If the 19th-century chili queens are considered, San Antonio was a Creative City of Gastronomy long before the official designation of the United Nations Educational, Scientific and Cultural Organization (UNESCO) was achieved in 2017.
Such was the suggestion of a Thursday afternoon gathering organized by the Main Plaza Conservancy to discuss the legacy of the enterprising Mexican American women of the late 1800s and early 1900s who turned chili con carne into a popular household dish nationwide.
Once railroads brought people from all over the U.S. through San Antonio in the late 1800s, word of the already locally popular tradition of serving Mexican food on city plazas spread throughout the country. Anglo entrepreneurs adapted the flavors of chili to create powdered spices sold nationwide, helping to popularize the dish for those living outside of San Antonio.
Main Plaza Conservancy Program Manager Lisa Cortez Walden moderated a one-hour panel discussion at the AC Marriott Hotel downtown, asking panel members and an audience of 50 in what way the pioneering chili queens should be properly recognized.
Panelist Lilliana Patricia Saldaña, an associate professor of Mexican American studies at the University of Texas at San Antonio, emphasized the importance of creating an annual public event to celebrate this rich part of San Antonio history.
“We are a culinary destination because of the chili queens, because they carved out that public space,” Saldaña said. She recounted their forced removal from downtown plazas and mercados by city leaders for “sanitary” reasons, which occurred in 1902, and said they have not been properly recognized for their recipes.

Pachanga or fandango?
The 65th Texas Legislature adopted a lighthearted resolution declaring red chili the official state dish of Texas in 1977. While San Antonio was recognized as its originating home, the chili queens were not mentioned.
“There needs to be some sort of public acknowledgment of who they were,” Saldaña said. “They were working-class women. They were responsible for creating food communities. And I think that’s a beautiful story, and it speaks to their resilience.”
Other panelists included Colleen Swain, director of the City of San Antonio World Heritage Office, Arisa Larios of the San Antonio City of Gastronomy department, Antonio Coffee of the Texas Historical Commission and Casa Navarro, and Bruce Shackelford and Cassandra Santillán, both of the Witte Museum.
Suggestions from the audience included an annual pachanga, a chili cook-off and a historical reenactment, but the idea of staging a public fandango received the most attention.
The fandango idea was suggested by Marivel Tamez, Bexar Heritage outreach manager, who said the traditional Mexican gathering would pay homage to fandangos of the 1700s and 1800s, wherein “they would make chili and make food and have music and dance sort of in a festival way.”
Onetime San Antonio author O. Henry wrote in his short story “The Enchanted Kiss” that “the once-famous purveyors of the celebrated Mexican national cookery” drew throngs to Alamo Plaza for “a [nightly] carnival, a saturnalia that was renowned throughout the land. Then the caterers numbered hundreds; the patrons thousands.”

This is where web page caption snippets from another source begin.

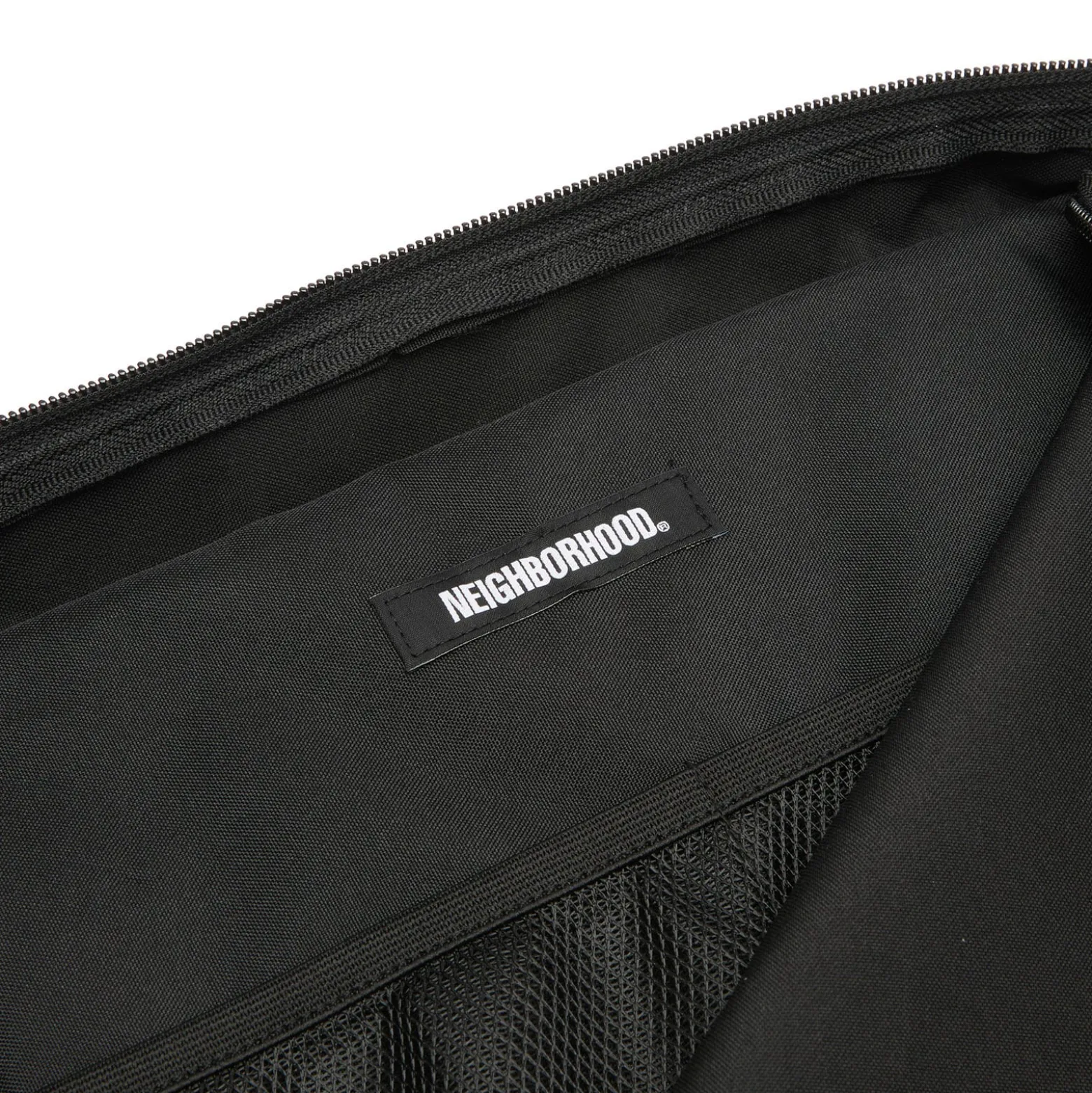Neighborhood Travel Pouch-L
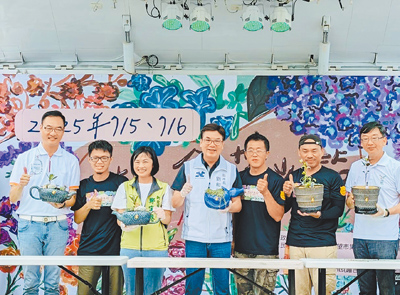 「新北植愈蒔光節」5日淡水登場,新北市副市長劉和然(中)出席開幕儀式,在地青農、綠植店家及陶藝家現場設攤展售。(李育嫺攝) image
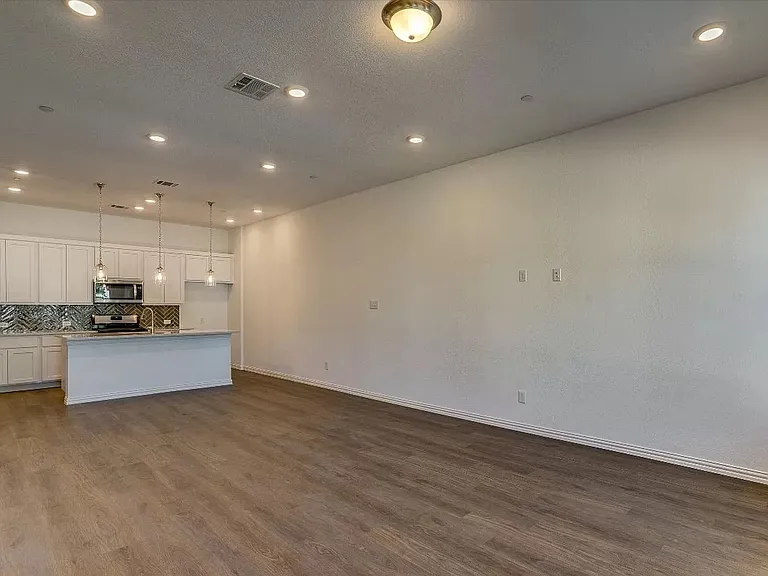 9935 Schramm St — Photo 27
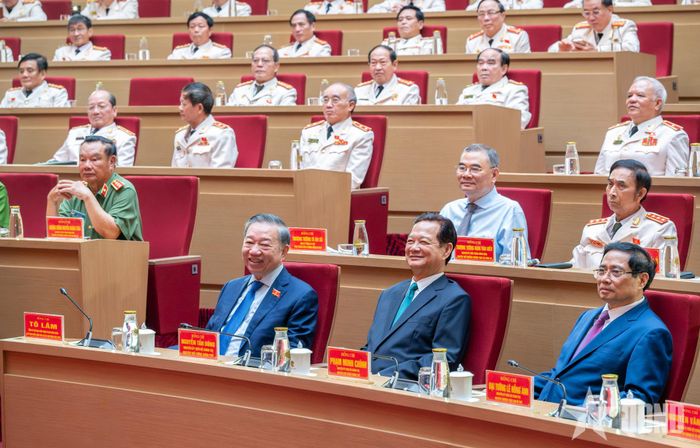 Tổng Bí thư, Chủ tịch nước Tô Lâm cùng các đồng chí lãnh đạo, nguyên lãnh đạo Đảng, Nhà nước và các đại biểu dự đại hội. 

But O. Henry’s story was written in 1904, and the chili queens had been chased off downtown plazas two years earlier. The above passage continued: “But now no longer. To some half-dozen tents, fires, and tables had dwindled the picturesque festival, and these had been relegated to an ancient disused plaza.”

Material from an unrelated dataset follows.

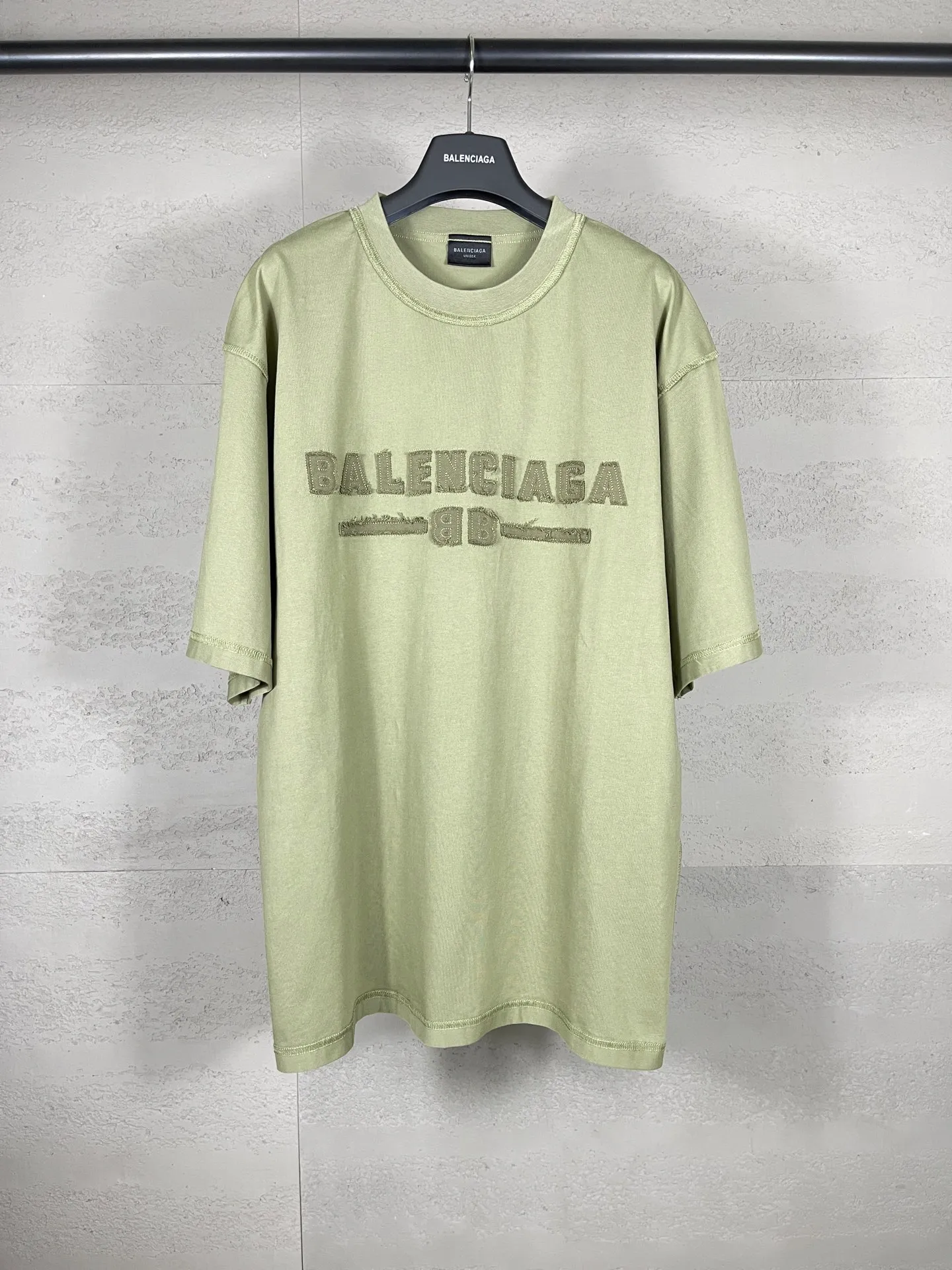 【 . Quality】BALENCI*GA/ #2025New Arrival LOGO T ， ， ， ZP 、 260 ， . ， 。 。Classic LOGO 。 。 , OS . Same Style ：BL 253639 ： ， ，Green Size：XS S M L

Panelists agreed that combining food with music and dancing would not only celebrate the chili queens but also honor such Tejana musicians as Lydia Mendoza, who got her start singing alongside them in the city’s Westside plazas and mercados after they were forced out of downtown.
A pinch of this and that
Erlinda Cortez, mother of Cortez Walden, was in attendance at the forum. Her mother Herminia Leal was a chili queen in the 1920s and ’30s, though Cortez Walden insisted Leal would not have identified as such, rather merely as “a woman who worked on the plaza.”
Cortez said Leal, who operated one of the many booths called baratillos ringing what is now Market Square, was a teenager renowned for her cooking, and for her beauty.
Leal’s famous chili con carne recipe did not survive, however. “She never wrote it down,” Cortez said. “I would ask her, and she said ‘It’s a pinch of this, and a pinch of that.’”
Santillán noted the challenge of tracking down and archiving authentic chili queen recipes. “Because they were competing against each other” as enterprising businesswomen, “all of these recipes were secret. So they’re not written down anywhere.”
Nonetheless, Cortez Walden said the Main Plaza Conservancy would undertake an effort to collect oral histories of those connected to chili queens of the past, in an effort to preserve this distinctive facet of local history and to pave the way for a future formal celebration that both honors the past and celebrates the city’s present-day culinary culture.
And if Tamez has her way, a chili queen would join the celebration, at least in spirit.
Having helped bring the bronze statue honoring 18th-century founders of what would become San Antonio and Bexar County to Main Plaza, Tamez confirmed that her suggestion had already been forwarded to Cortez Walden.